Tonight the American Society of Magazine Editors will present its annual awards that recognize excellence in the various talents and skills that go into making magazines. Those who have been nominated, and those who will win -- many among them my friends and former colleagues -- well deserve this acknowledgment of their achievement. If past is prologue, much of the work that is celebrated will have appeared in The New Yorker, Vanity Fair and a few of our other eminent publications.
But while the excellence of the giants will not be gainsaid, there will be the sense that the best efforts of most of the other magazines will have gone underappreciated. At a Mediabistro function the other night, I was one of a dozen editors at a table. None of us was from a frequent ASME award-winner. Many of us had had the experience of repeatedly entering our very best work without receiving so much as a nomination.
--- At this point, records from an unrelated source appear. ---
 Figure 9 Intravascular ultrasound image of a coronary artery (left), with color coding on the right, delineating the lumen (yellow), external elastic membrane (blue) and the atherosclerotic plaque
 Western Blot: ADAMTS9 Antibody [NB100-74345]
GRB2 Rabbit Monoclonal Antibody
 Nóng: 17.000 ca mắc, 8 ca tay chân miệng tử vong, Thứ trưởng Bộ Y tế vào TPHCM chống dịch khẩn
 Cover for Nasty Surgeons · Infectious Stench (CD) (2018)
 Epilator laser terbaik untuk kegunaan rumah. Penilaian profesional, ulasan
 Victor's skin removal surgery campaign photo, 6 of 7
All of us seemed to share the sense that when entries for the awards are judged, the candidates from the great magazines enter the competition with an edge. Call it reputation, call it legacy, call name recognition, but their history counts: the film critic for Paducah Today could plagiarize The New Yorker's movie critic word-for-word, and he wouldn't get the same consideration.
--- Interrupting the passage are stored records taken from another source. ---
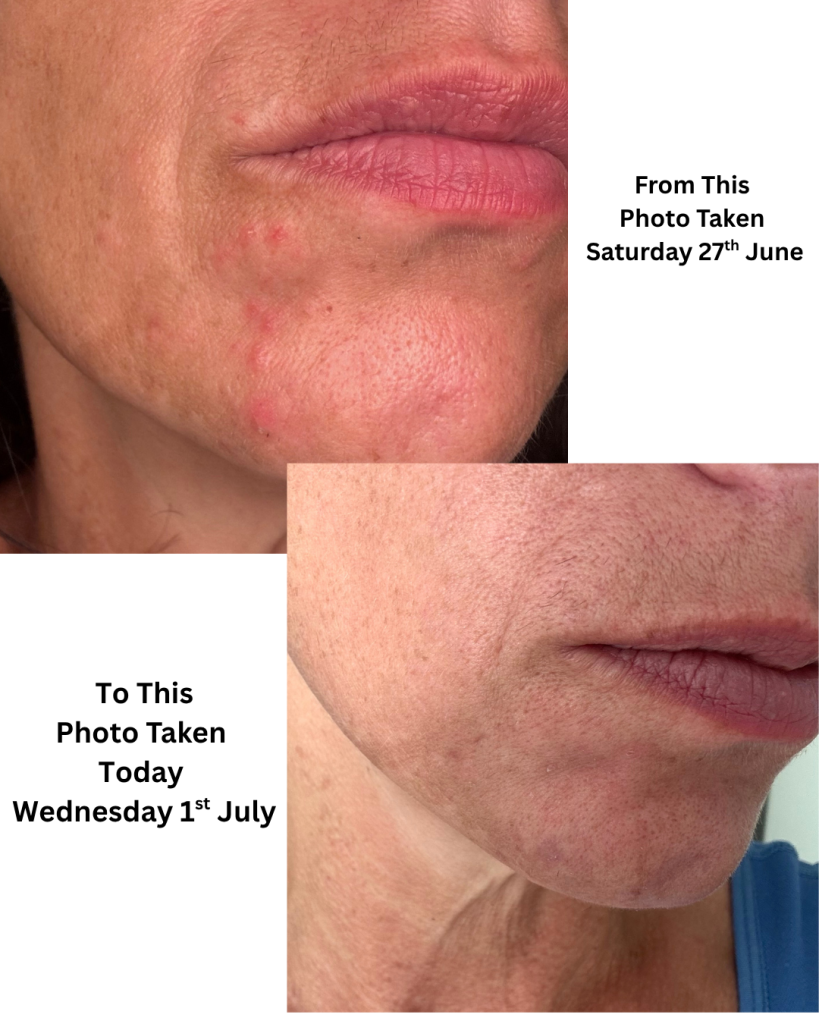 Before & After Perioral Dermatitis in 5 days 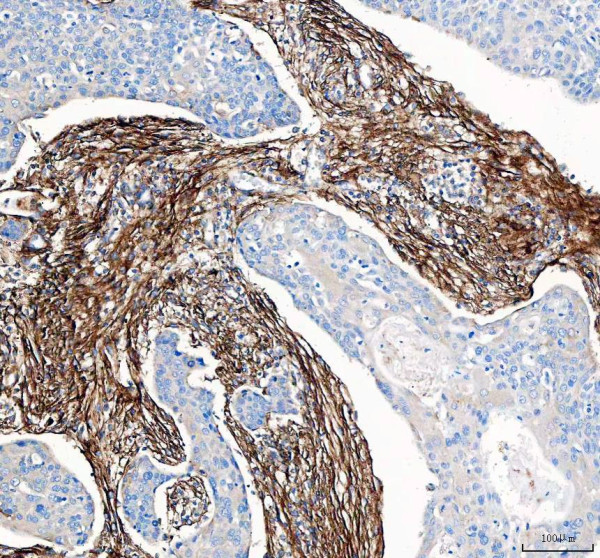 Collagen 1 Antibody / COL1A1 Extracellular Matrix Antibody Human Esophageal Squamous Cell Carcinoma IHC. Immunohistochemical staining of FFPE human esophageal squamous cell carcinoma tissue using Collagen 1 Antibody / COL1A1 Extracellular Matrix Antibody. Collagen I is detected predominantly within the stromal extracellular matrix surrounding tumor nests, consistent with its role in maintaining tissue architecture and supporting the tumor microenvironment. Heat-induced epitope retrieval was performed in pH 8.0 EDTA buffer prior to staining. Tissue sections were blocked with 10% goat serum and incubated with the primary antibody (2 ug/ml) overnight at 4Â°C, followed by a peroxidase-conjugated goat anti-rabbit IgG secondary antibody. Immunoreactivity was visualized using an HRP Super Vision detection system with DAB as the chromogen.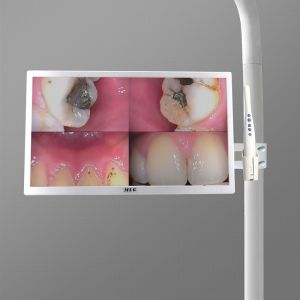5G Wireless Wifi Dental Intraoral Camera 19 Inch Dental Implant LCD Monitor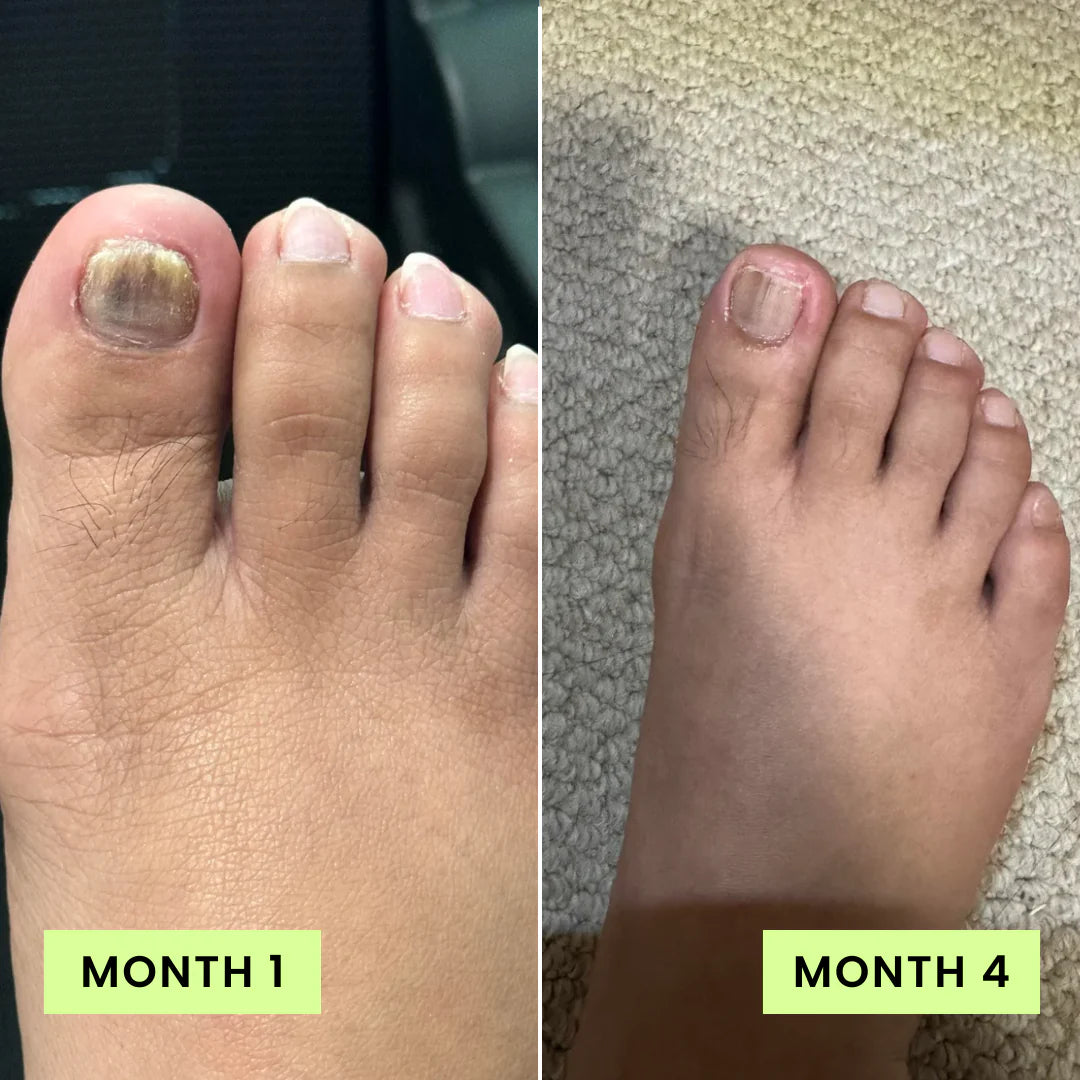 Lunavia™ Toenail Fungus Pen – Official & Original Nail Care - Review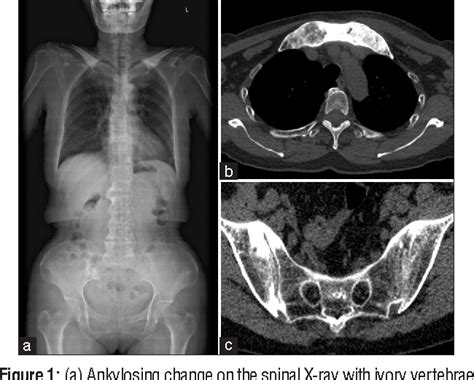 Figure From Sacroiliitis And Spondylitis With Sternoclavicular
Part of this comes from the way entries are initially judged. In an intense two-day process, scores of entries are winnowed through peer review into groups of semi-finalists. The judges take their job seriously and without obvious prejudice, but in a long and tiring process that requires judges to make choices -- to find fault with some most excellent pieces -- certain properties extraneous to the inherent value of the piece come into play. The judges aren't living out a publishing version of Twelve Angry Men; when a couple people in a group of evaluators express admiration for piece that's appeared in Vanity Fair or The New Yorker, no hold out is going to stubbornly call for a close line reading of the piece from Widgets Illustrated. A critical mass forms, and the irresistible pull of gravity take hold. After all, if he likes it and she likes it and the editors of The New Yorker liked it, well, it must be good.
But there is a step that could be taken that would put all articles on an equal footing. Right now when magazines enter their pieces, they submit copies of actual published pages, which means the judges know the names of the writers and the magazines they are reading.
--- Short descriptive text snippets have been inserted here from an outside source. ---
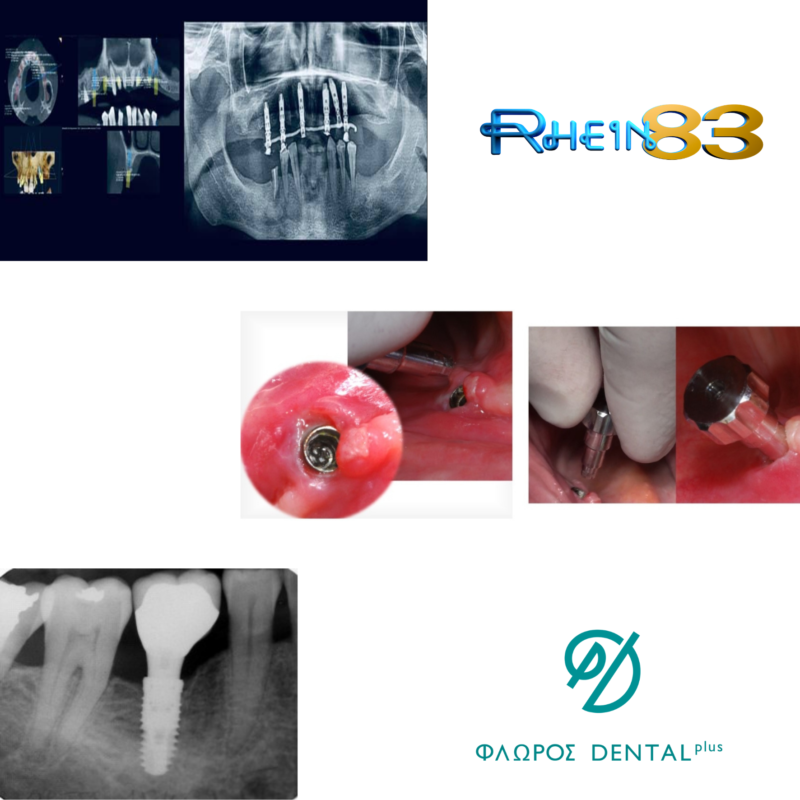 Floros Dental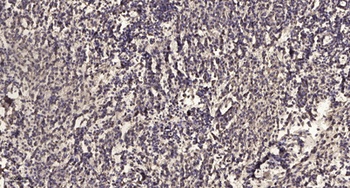 Latrophilin-1 rabbit pAb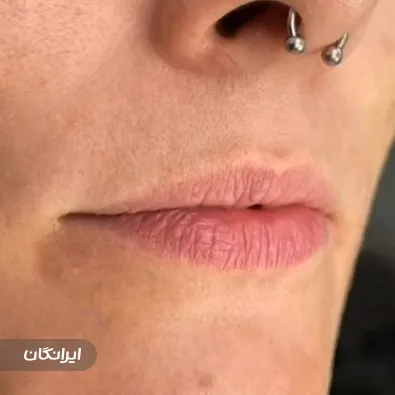 کلینیک زیبایی آتیه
Why not ask the magazines to submit word documents of their entries in categories for reporting, feature writing, fiction, profiles, essays and so on?
No magazine titles, no bylines, no photos, no illustrations, no fonts, and no legacy. Just black words on white pages, double-spaced 12 point type. Take away everything but the reporting, writing, editing, logic, language and sensibility.
Obviously this wouldn't work in every category -- General Excellence, Design, Photography and other categories require the physical presentation. And in the writing categories, surely some judges would remember some of the articles and recognize some of the writers, and that may influence their assessments.
Assuredly, excellence will out. No doubt the great magazines will continue to win a significant share. And when that happens, will not the fruits of their victory be all the sweeter, knowing that won with a process that had strived to be all about the merits?